Task to complete >>
Your task is to copy the lines of the data below from the line holding "3017 Lynn Street Property Photo 16" through the line holding "غرفة قياسية سرير كينج, The Mount", inclusive, exactly and with nothing added.

Recorded data
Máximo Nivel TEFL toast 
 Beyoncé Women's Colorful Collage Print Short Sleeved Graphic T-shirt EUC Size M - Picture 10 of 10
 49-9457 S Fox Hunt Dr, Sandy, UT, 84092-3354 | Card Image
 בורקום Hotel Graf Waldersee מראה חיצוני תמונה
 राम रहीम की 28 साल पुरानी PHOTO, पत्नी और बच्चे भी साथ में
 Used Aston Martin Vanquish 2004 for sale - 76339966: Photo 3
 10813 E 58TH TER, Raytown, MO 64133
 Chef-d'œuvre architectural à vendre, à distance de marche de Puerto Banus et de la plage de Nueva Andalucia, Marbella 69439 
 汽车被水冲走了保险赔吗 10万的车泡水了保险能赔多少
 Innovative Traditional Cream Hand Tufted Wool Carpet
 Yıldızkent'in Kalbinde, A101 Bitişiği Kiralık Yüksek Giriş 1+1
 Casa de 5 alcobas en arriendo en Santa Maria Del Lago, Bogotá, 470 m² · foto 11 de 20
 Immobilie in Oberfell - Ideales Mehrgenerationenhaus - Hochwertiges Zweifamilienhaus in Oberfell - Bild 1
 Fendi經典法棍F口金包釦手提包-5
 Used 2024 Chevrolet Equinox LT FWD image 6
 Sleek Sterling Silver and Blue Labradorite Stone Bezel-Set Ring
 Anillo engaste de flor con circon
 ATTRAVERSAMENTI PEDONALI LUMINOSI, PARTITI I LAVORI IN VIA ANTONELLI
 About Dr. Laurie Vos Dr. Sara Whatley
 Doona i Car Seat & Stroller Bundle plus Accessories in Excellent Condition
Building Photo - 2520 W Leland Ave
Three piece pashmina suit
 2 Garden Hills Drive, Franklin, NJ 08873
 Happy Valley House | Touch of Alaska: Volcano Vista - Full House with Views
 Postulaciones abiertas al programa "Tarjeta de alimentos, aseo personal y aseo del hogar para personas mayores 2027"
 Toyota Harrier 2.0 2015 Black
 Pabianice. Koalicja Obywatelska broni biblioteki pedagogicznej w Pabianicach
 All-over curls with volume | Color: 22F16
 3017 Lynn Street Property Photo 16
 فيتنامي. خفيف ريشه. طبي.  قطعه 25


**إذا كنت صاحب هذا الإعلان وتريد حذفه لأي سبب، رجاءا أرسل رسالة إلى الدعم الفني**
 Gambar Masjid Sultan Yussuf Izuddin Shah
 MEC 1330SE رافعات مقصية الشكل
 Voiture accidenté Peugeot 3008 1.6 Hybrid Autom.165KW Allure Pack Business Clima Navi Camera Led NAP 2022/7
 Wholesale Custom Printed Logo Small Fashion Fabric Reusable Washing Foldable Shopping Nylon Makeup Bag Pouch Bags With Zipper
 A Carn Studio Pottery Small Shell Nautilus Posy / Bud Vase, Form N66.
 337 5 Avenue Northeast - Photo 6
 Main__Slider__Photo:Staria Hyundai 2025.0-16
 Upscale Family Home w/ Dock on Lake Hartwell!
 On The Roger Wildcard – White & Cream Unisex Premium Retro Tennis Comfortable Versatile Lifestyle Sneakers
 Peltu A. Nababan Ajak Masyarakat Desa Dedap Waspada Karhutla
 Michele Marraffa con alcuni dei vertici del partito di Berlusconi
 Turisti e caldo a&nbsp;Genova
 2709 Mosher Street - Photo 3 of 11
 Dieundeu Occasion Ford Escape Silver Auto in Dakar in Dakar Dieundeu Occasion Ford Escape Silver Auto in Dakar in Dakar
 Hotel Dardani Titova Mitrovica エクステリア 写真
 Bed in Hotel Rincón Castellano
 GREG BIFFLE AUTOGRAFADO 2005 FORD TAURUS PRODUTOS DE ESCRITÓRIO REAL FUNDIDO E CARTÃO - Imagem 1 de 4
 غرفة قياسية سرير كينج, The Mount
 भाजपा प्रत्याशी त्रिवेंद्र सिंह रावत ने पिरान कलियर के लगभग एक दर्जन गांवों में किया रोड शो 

Response to this task >>
 3017 Lynn Street Property Photo 16
 فيتنامي. خفيف ريشه. طبي.  قطعه 25


**إذا كنت صاحب هذا الإعلان وتريد حذفه لأي سبب، رجاءا أرسل رسالة إلى الدعم الفني**
 Gambar Masjid Sultan Yussuf Izuddin Shah
 MEC 1330SE رافعات مقصية الشكل
 Voiture accidenté Peugeot 3008 1.6 Hybrid Autom.165KW Allure Pack Business Clima Navi Camera Led NAP 2022/7
 Wholesale Custom Printed Logo Small Fashion Fabric Reusable Washing Foldable Shopping Nylon Makeup Bag Pouch Bags With Zipper
 A Carn Studio Pottery Small Shell Nautilus Posy / Bud Vase, Form N66.
 337 5 Avenue Northeast - Photo 6
 Main__Slider__Photo:Staria Hyundai 2025.0-16
 Upscale Family Home w/ Dock on Lake Hartwell!
 On The Roger Wildcard – White & Cream Unisex Premium Retro Tennis Comfortable Versatile Lifestyle Sneakers
 Peltu A. Nababan Ajak Masyarakat Desa Dedap Waspada Karhutla
 Michele Marraffa con alcuni dei vertici del partito di Berlusconi
 Turisti e caldo a&nbsp;Genova
 2709 Mosher Street - Photo 3 of 11
 Dieundeu Occasion Ford Escape Silver Auto in Dakar in Dakar Dieundeu Occasion Ford Escape Silver Auto in Dakar in Dakar
 Hotel Dardani Titova Mitrovica エクステリア 写真
 Bed in Hotel Rincón Castellano
 GREG BIFFLE AUTOGRAFADO 2005 FORD TAURUS PRODUTOS DE ESCRITÓRIO REAL FUNDIDO E CARTÃO - Imagem 1 de 4
 غرفة قياسية سرير كينج, The Mount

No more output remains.